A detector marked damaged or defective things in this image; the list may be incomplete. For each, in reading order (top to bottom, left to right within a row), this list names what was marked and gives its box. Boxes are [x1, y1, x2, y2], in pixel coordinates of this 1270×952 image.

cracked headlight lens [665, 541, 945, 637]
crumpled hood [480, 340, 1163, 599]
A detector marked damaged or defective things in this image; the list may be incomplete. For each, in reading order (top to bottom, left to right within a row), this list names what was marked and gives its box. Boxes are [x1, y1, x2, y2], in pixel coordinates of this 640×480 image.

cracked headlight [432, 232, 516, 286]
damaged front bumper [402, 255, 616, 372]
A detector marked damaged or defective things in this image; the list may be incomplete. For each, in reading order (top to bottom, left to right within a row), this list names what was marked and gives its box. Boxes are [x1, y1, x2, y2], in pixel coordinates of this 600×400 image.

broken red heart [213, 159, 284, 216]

= Problem description =
Word for word, repeat the lines that begin at the one with "this 600×400 image." and continue to the end of the listing above.

= Answer area =
A detector marked damaged or defective things in this image; the list may be incomplete. For each, in reading order (top to bottom, left to right within a row), this list names what was marked and gives its box. Boxes are [x1, y1, x2, y2], in pixel coordinates of this 600×400 image.

broken red heart [213, 159, 284, 216]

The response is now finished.